Rien, ou si peu, dans le questionnaire envoyé aux militants ne fait référence au travail gouvernemental en faveur de la condition féminine. Et pourtant, que de chemin parcouru depuis 1995 et l'épisode des Juppettes. Que de changements opérés depuis la loi sur la parité, la mise en œuvre du congé paternité ou l'allongement de la durée légale de l'IVG. Le parti ne peut oublier ce qui a été fait de 1997 à 2002 ! Il ne peut ranger ces avancées à l'arrière-plan de notre mémoire collective, mais doit, au contraire, s'en saisir pour aller de l'avant. La tâche est encore immense pour bâtir une « société partagée » dans laquelle les femmes puissent s'affirmer et se construire.

Le combat pour les droits des femmes n'est pas un combat d'arrière-garde. C'est un enjeu de civilisation et doit être, en tant que tel, porté par le Parti socialiste. Il n'est pas possible aujourd'hui de limiter la question de l'émancipation de la condition féminine au seul problème de la prostitution.

En termes d'éducation, de sexualité, de vie quotidienne et de foyer, les droits des femmes sont non seulement à défendre, mais restent encore à conquérir. Lutter contre le sexisme ordinaire, par l'éducation du respect du corps et de la personne, dès le plus jeune âge. Quelle société proposons-nous à notre jeunesse ? Quand les jeunes filles sont victimes de sexisme parfois de violence et d'actes de barbarie (…)

Remettre en cause nos pratiques internes

Il s'agit bien pour nous d'inventer un projet de société dans lequel les femmes puissent être pleinement libérées de leurs contraintes.
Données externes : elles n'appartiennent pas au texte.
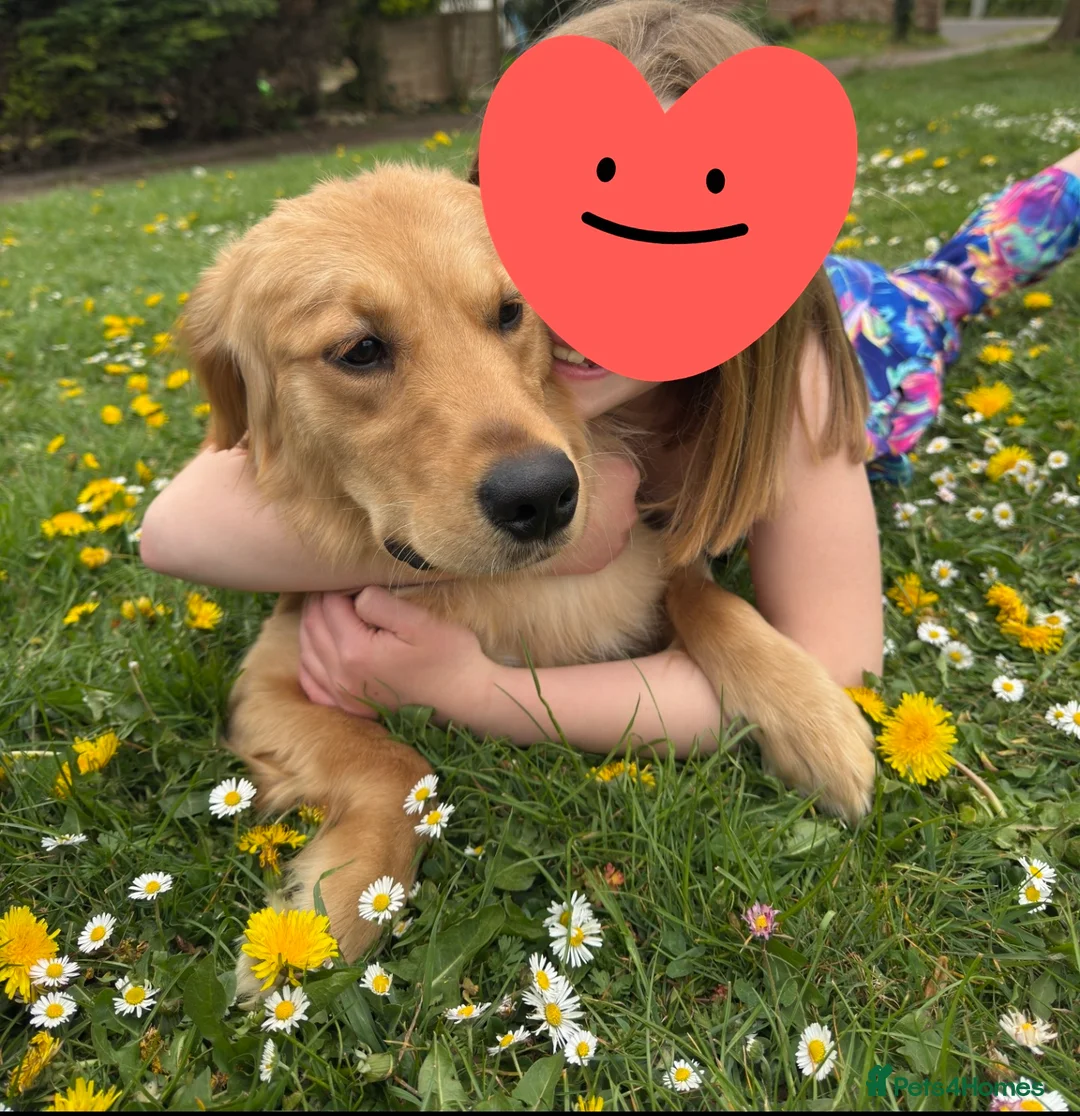 Golden Retriever dogs for sale: Loving Golden Retriever - Advert 6
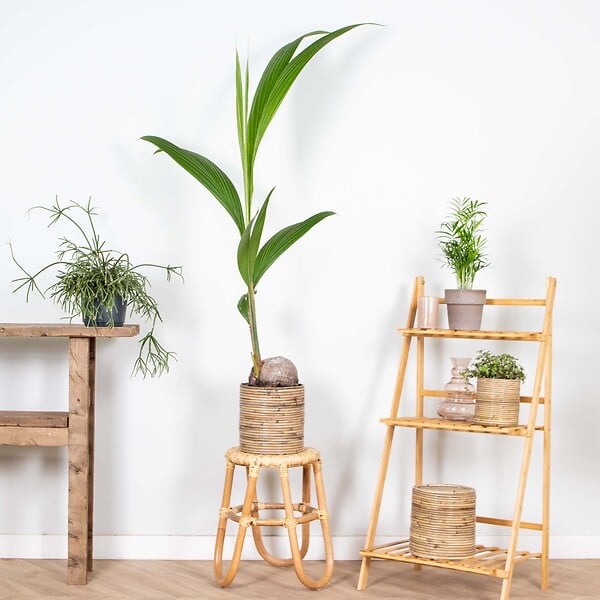 BLOOMIQUE - Cocos Nucifera - Cocotier - Plantes d’intérieur - Dépolluante - H. 70-90 cm - P. 19 cm - large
Au sein même du Parti socialiste, nous devons remettre en cause les structures, les mécanismes et les pratiques internes qui font, par leurs horaires et leurs exigences, obstacle à la participation des femmes à la vie de notre organisation.

Comment est-il possible de concilier sa vie de mère avec celle d'élue et de militante ? Comment favoriser l'engagement politique des jeunes femmes ? Comment intégrer dans nos programmes les nouvelles revendications féministes ?

C'est aussi à ce genre de questions, qui ne sont pas aussi mineures que certains le pensent, que doit répondre le prochain congrès du Parti socialiste. C'est par la qualité de nos réponses que nous ferons la preuve de notre rénovation. La rénovation, justement, ne peut pas être un étendard agité pendant une bataille et replié sans un bruit dès le lendemain.

Je fais partie de celles et ceux qui considèrent qu'on ne peut vouloir une mise à jour sans toucher à rien. Mais si nous voulons vraiment faire du PS le parti de toute la société, il faut de l'audace, beaucoup d'audace. Nous devons trouver les mécanismes susceptibles de mener de véritables campagnes européennes et de rapprocher les militants socialistes européens. Les initiatives de jumelage entre sections constituent, en ce sens, une piste originale. Nous devons aussi répondre de façon plus présente aux initiatives internationales visant à réguler la mondialisation libérale, à soutenir les pays du Sud, à militer pour les droits des femmes dans des pays où elles subissent le joug des hommes.

La période que nous vivons est un moment d'incertitude ; c'est un moment de débats, de clarification, et d'enjeux sur notre définition politique.